_INFORMATION GIVEN_
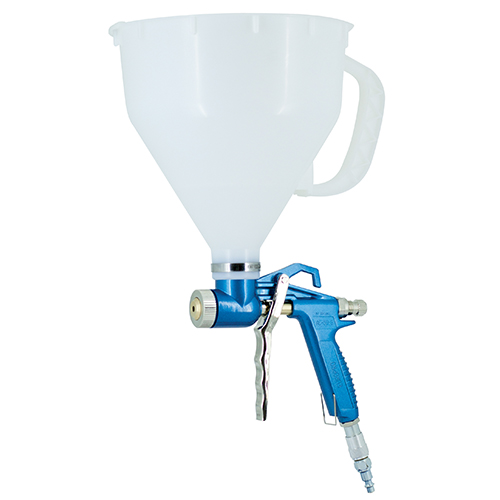Pistolet pâteux  godet 5 litres AC-50-G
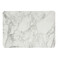 Пластиковый чехол iLoungeMax Marble White | White для MacBook Pro 13" (M2 | M1 | 2022 | 2020 | 2019 | 2018) - Фото 2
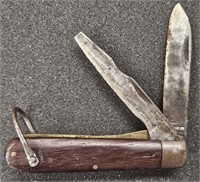 Vintage U.S. Military Camillus Pocket Knife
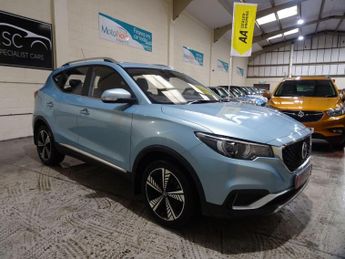 MG MG ZS 44.5kWh Exclusive Auto 5dr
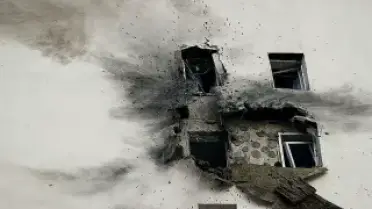 Belgorod'da İHA Saldırısı: 1 Ölü, 3 Yaralı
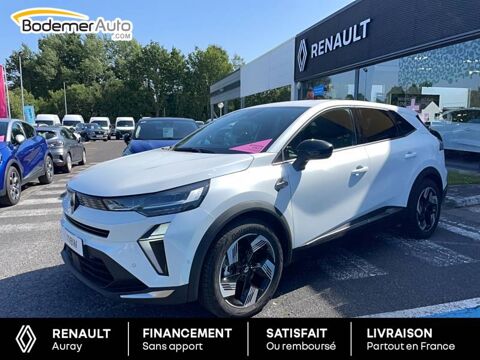 Renault Symbioz E-Tech full hybrid 145 Techno 2025 occasion Auray 56400
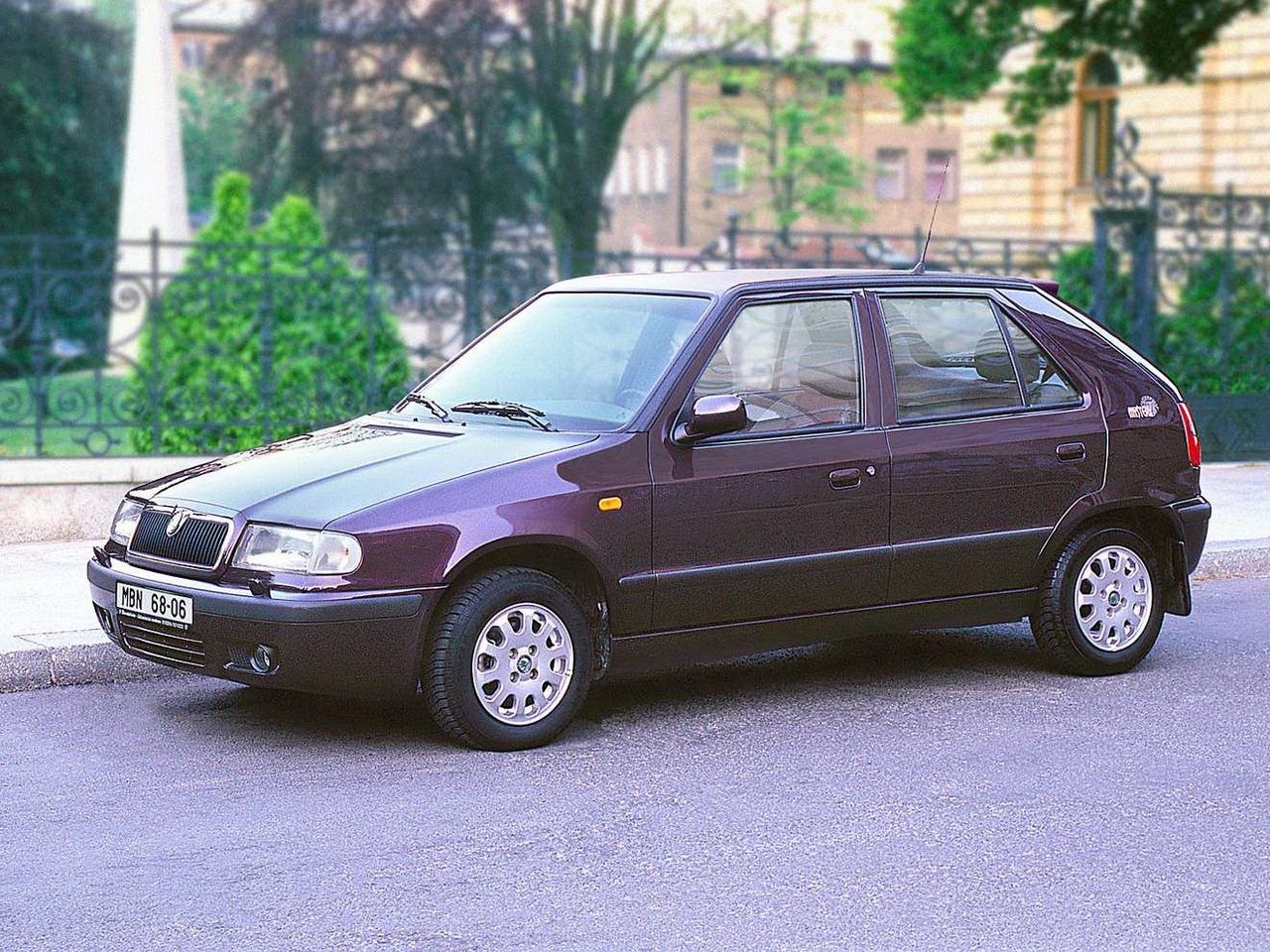 Фото автомобиля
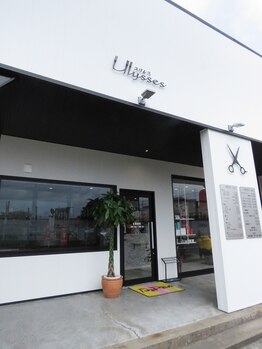 ユリシス(Ulysses)の写真/【吉野】天文館人気店出身のオーナーによる、完全プライベートのマンツーマンサロン★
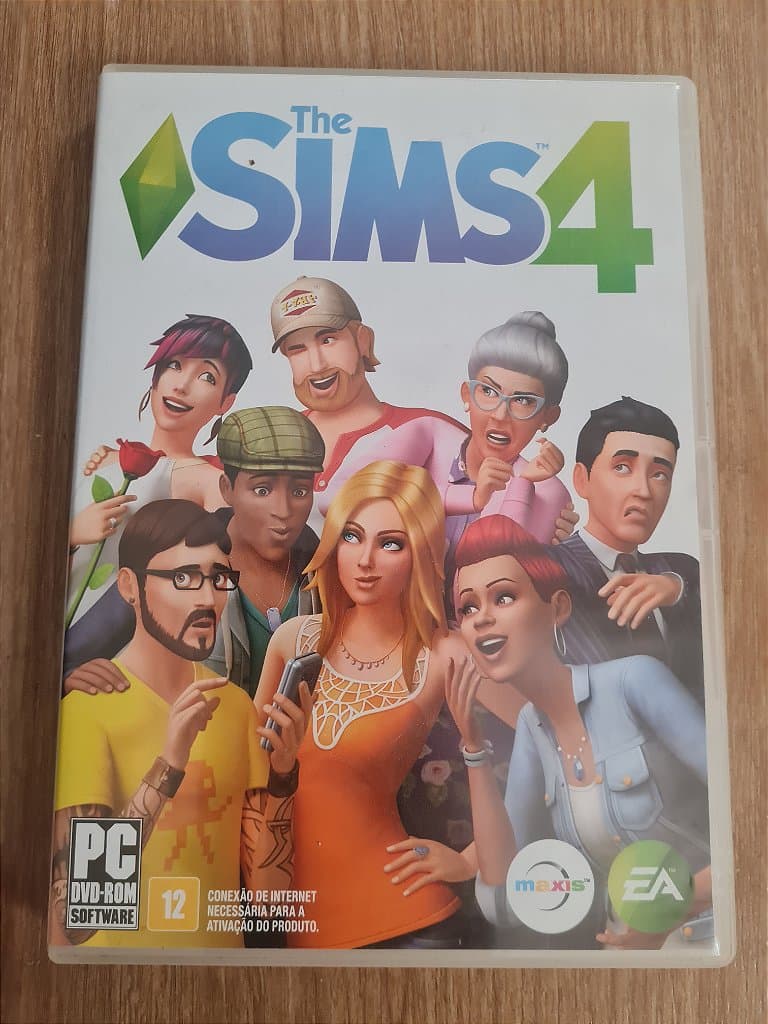 Jogo para PC The sims 4 Original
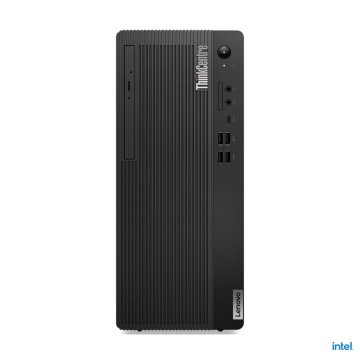 Lenovo ThinkCentre M80t Intel® Core™ i5 i5-12500 16 GB DDR5-SDRAM 512 GB SSD Windows 11 Pro Tower PC Nero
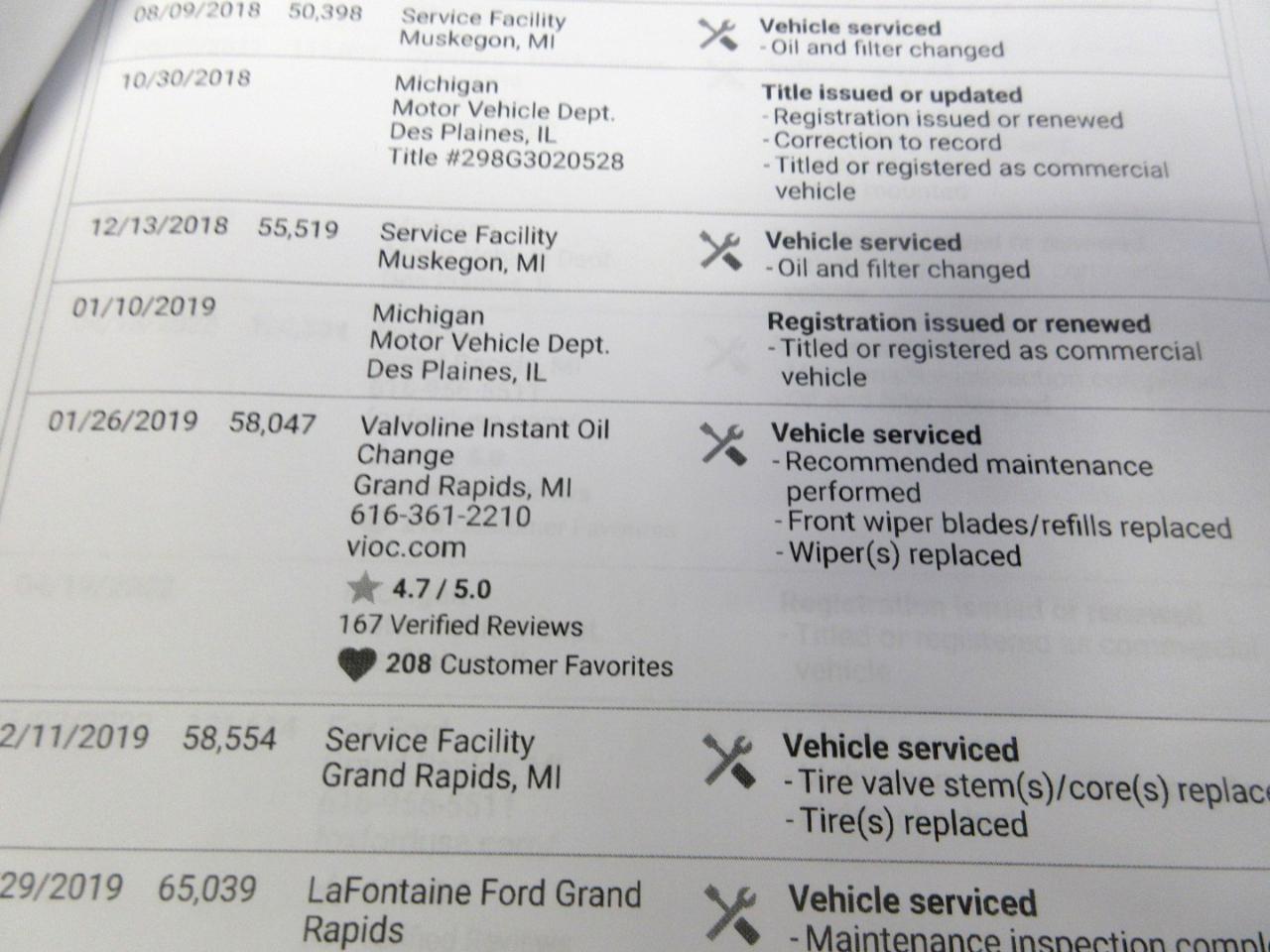 Ford Transit T-350 HD DRW 2016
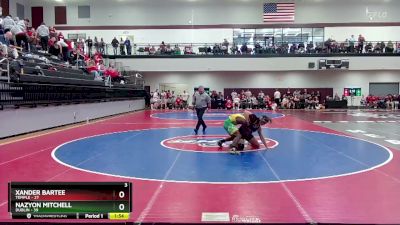 175 lbs Round 1 (16 Team) - Nazyon Mitchell, Dublin vs Xander Bartee, Temple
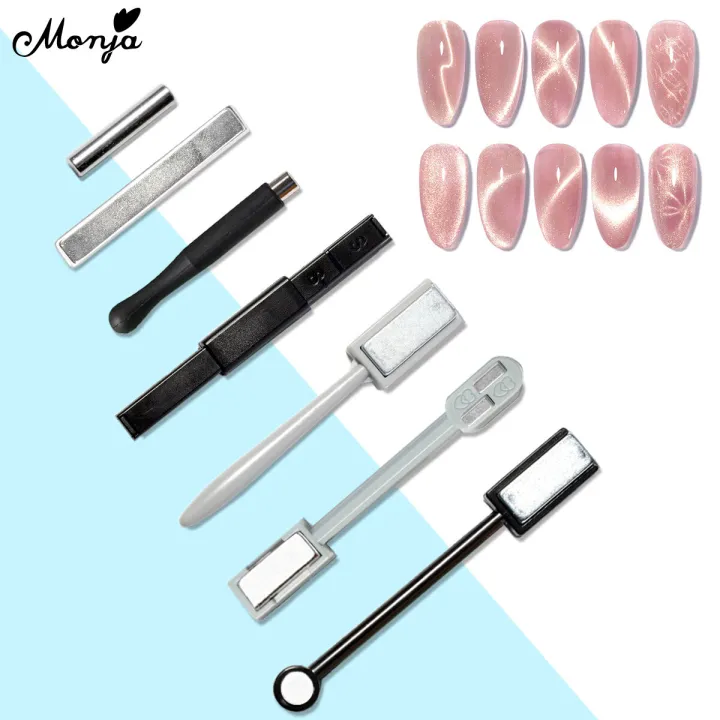 Monja%207%20Styles%20Cat%20Eye%20Nail%20Magnet%20Stick%203D%20Multi%20Line%20Strip%20Effect%20Strong%20Effect%20Magnetic%20Rod%20for%20DIY%20Cat%20Eye%20Gel%20Varnish%20Tools%20-%20Image%203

_ASSIGNED TASK_
Only exact lines belong in the answer: those from the beginning of the entries above through the line holding "Ford Transit T-350 HD DRW 2016", with no pictures.

_TASK OUTPUT_
Pistolet pâteux  godet 5 litres AC-50-G
 Пластиковый чехол iLoungeMax Marble White | White для MacBook Pro 13" (M2 | M1 | 2022 | 2020 | 2019 | 2018) - Фото 2
 Vintage U.S. Military Camillus Pocket Knife
 MG MG ZS 44.5kWh Exclusive Auto 5dr
 Belgorod'da İHA Saldırısı: 1 Ölü, 3 Yaralı
 Renault Symbioz E-Tech full hybrid 145 Techno 2025 occasion Auray 56400
 Фото автомобиля
 ユリシス(Ulysses)の写真/【吉野】天文館人気店出身のオーナーによる、完全プライベートのマンツーマンサロン★
 Jogo para PC The sims 4 Original
 Lenovo ThinkCentre M80t Intel® Core™ i5 i5-12500 16 GB DDR5-SDRAM 512 GB SSD Windows 11 Pro Tower PC Nero
 Ford Transit T-350 HD DRW 2016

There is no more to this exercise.